There was no concept of "income" and "expense." Everyone pitched in to help everyone survive. The tiny surplus of resources made possible by the modest division of labor and economy of scale of the "economics" of the village was lavished on community-oriented "discretionary spending," such as brewing beer or wine, making and playing musical instruments, decorating clothes and other artifacts and carving a few art objects.
No one "traded" goods and services; it was basically one gigantic extended family. Everyone worked as hard as they could and hoped that, in aggregate, the villagers could produce enough to satisfy everyone's basic needs with an occasional frivolity.
The invention of civilization, literally "the technology of city-building," enormously increased the effectiveness of economy of scale and division of labor. There was now a significant surplus of labor and other resources, and discretionary spending could now be allocated to personal pleasures such as bathing, travel, theater. City life also presented its inhabitants with new levels of practical products that were not quite necessities but not quite luxuries, such as more comfortable furniture, warmer clothing, sturdier shoes, tastier food, glass windows, animals for riding and not just eating and plowing, and professional instructors in the crafts. The multi-stage processes of building houses, clothing and other artifacts added an additional complexity to the city "economy."
People were no longer simply taking their shoes from the village cobbler or dipping their mug in the village beer barrel under the watchful eyes of their village-mates. Several craftsmen collaborated on the building of a house or wagon. When it was done, the mason needed a new parka, the carpenter needed to refill his wine jug, and the glazier wanted to give his musically talented daughter a lute. The chain of supply and demand became complicated, so they couldn't just walk into the bazaar on Saturday morning and efficiently exchange their goods and services directly for goods and services of equivalent value. Record-keeping became necessary, and the earliest writing systems were often devised for accounting records.
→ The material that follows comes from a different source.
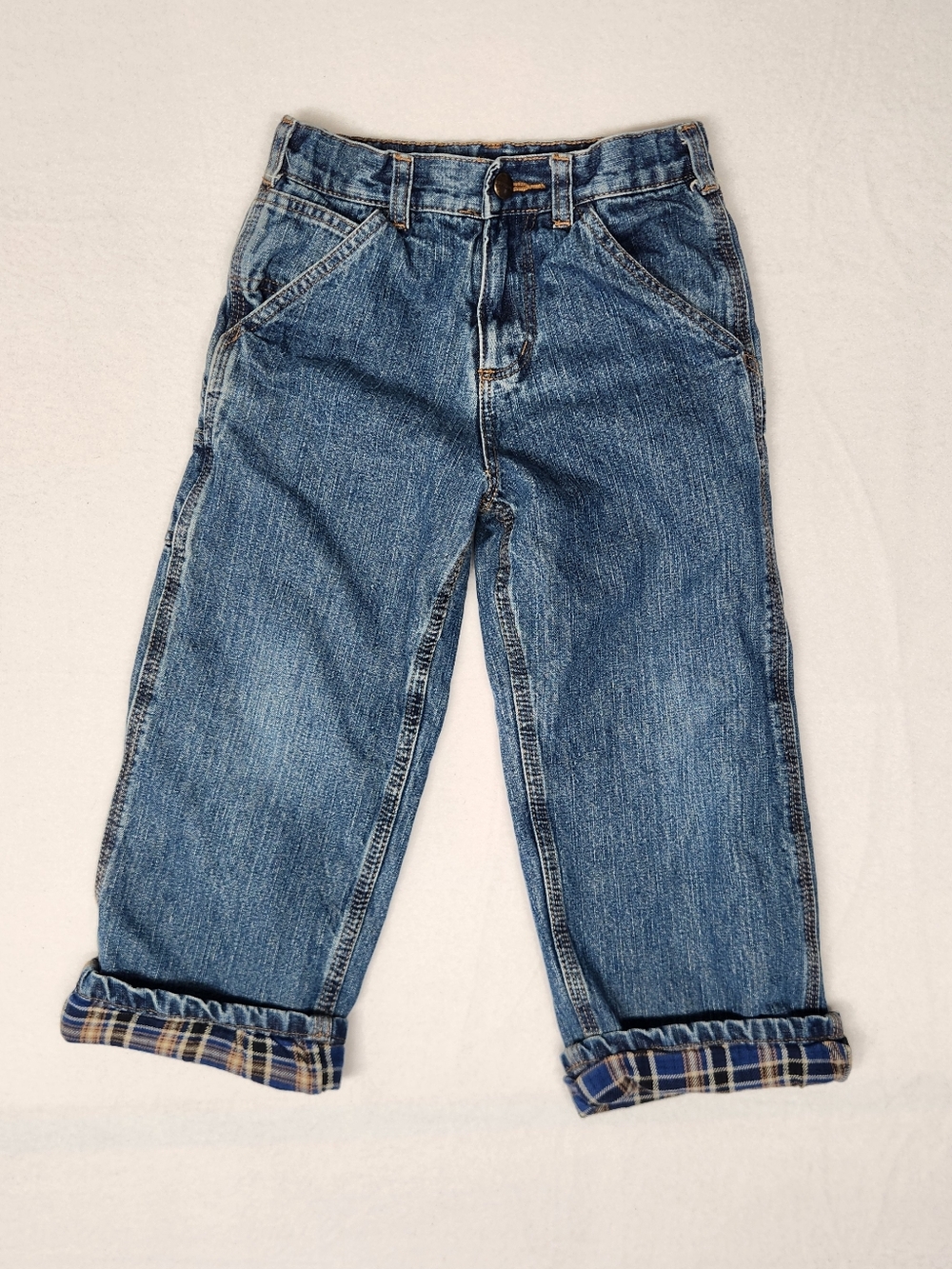 Carhartt Boys Sz 5 Adjustable Waist Carpenter Jeans Durable Plaid Lined Utility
But something else happened. People began stockpiling inventories of their goods, and scheduling future uses of their services. At the same time, the tanner or the luther might complete a project and not need anything from the bazaar just yet. This is the definition of surplus wealth or "capital": the existence of more productivity than can be traded at the current time for the existing surplus of product. The city needed to maintain records of the surplus owned by each individual, so they could trade it for something they wanted at a later time. And it would make life much easier if the value of all goods and services could be standardized so that each person would not have to remember how many pairs of boots had the equivalent value of a house of a particular size.
Voilà, money was invented. Conveniently-sized bits of metal were inscribed with the number of "pounds" or
yuan ("circles") of surplus wealth they represented. As the technology of metallurgy spread and it became possible to create counterfeit brass coins, they started making them out of silver or gold, which are so rare that they were not easy to obtain for counterfitting purposes. Later on, paper money was invented that was less cumbersome to store and even harder to counterfeit.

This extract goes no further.